While parents may use financial incentives to motivate their children to get good grades, a new study indicates that doing so may well be pointless.
But the prospect of a trip or outing in return for doing well in their school work could encourage pupils struggling with maths to do better in the subject.
More than 10,000 teenagers in 63 schools studying for GCSEs in English, maths and science took part in the research project, run by Bristol University and the University of Chicago, which covered two different trials.
In the first, pupils were told that they had £80 at the start of each half-term, and would lose £10 if they missed a set target for attendance, the same for behaviour and £30 for classwork and homework.
For the second, students were given eight tickets at the beginning of each half-term and promised a trip or outing if they retained 12 tickets by the end of the half-term period.
They lost one ticket each for missing attendance and behaviour targets and three for missing classwork and homework goals.

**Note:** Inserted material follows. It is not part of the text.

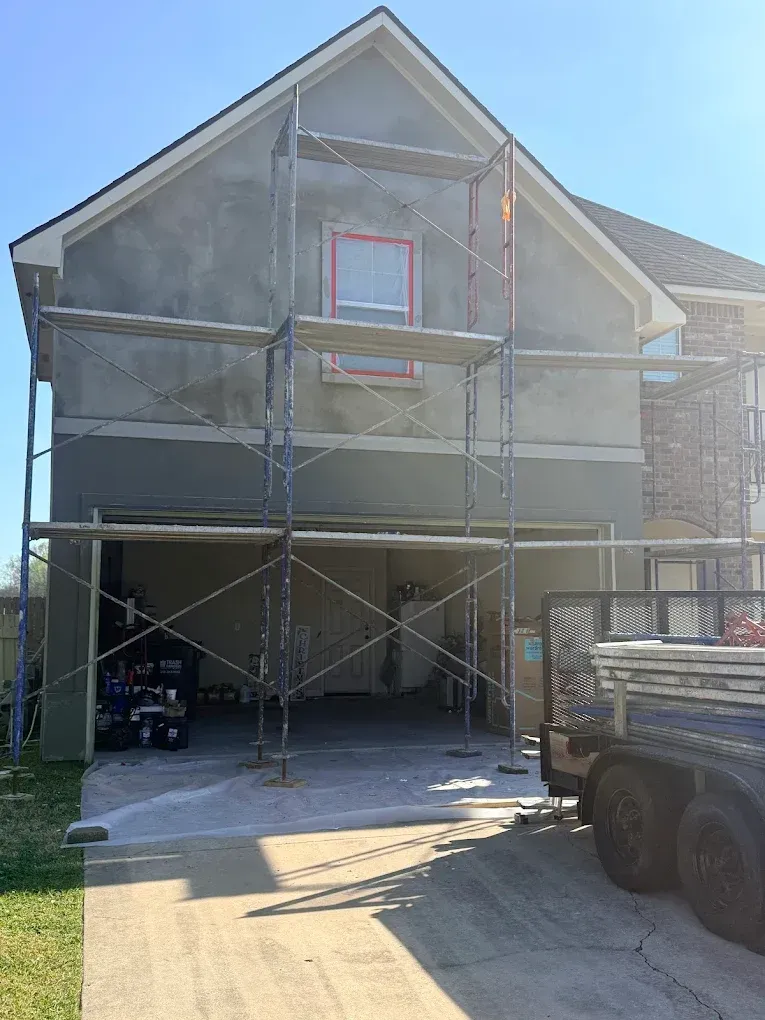 House exterior under stucco repair, scaffolding erected in front of the garage entrance.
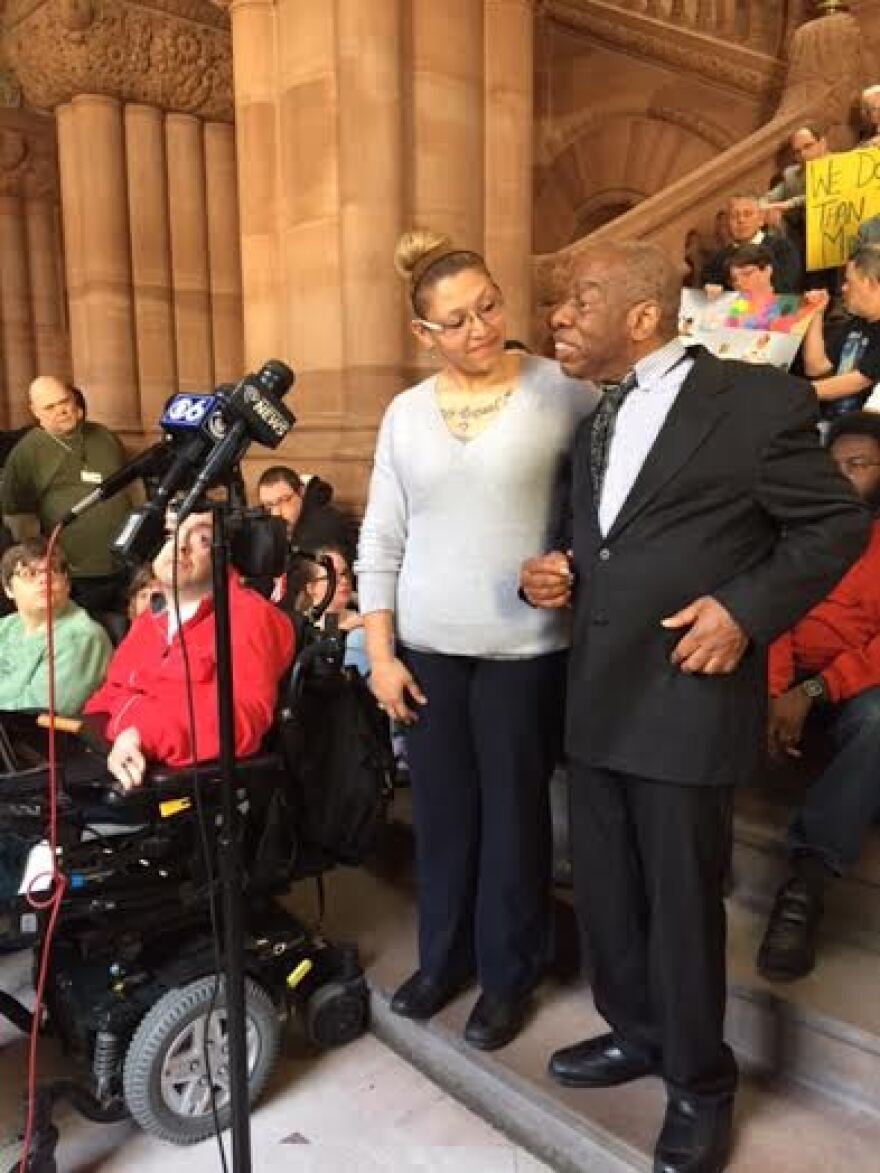 Arthur Mims with his caregiver Tiffany Torres at State Capitol rally Wednesday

In each of the schemes, the rewards were based on a theory of “loss aversion” – that people dislike losing something, more than they like gaining something.
The findings show that, in the case of the cash incentives, overall there was no evidence that offering the pupils money had a significant positive impact on their GCSE results, in any of the three subjects studied.
There was also no impact on the students’ behaviour, attendance or homework effort, the researchers also added.
The study also concluded that offering pupils the chance of a trip or outing had no overall significant impact on GCSE results.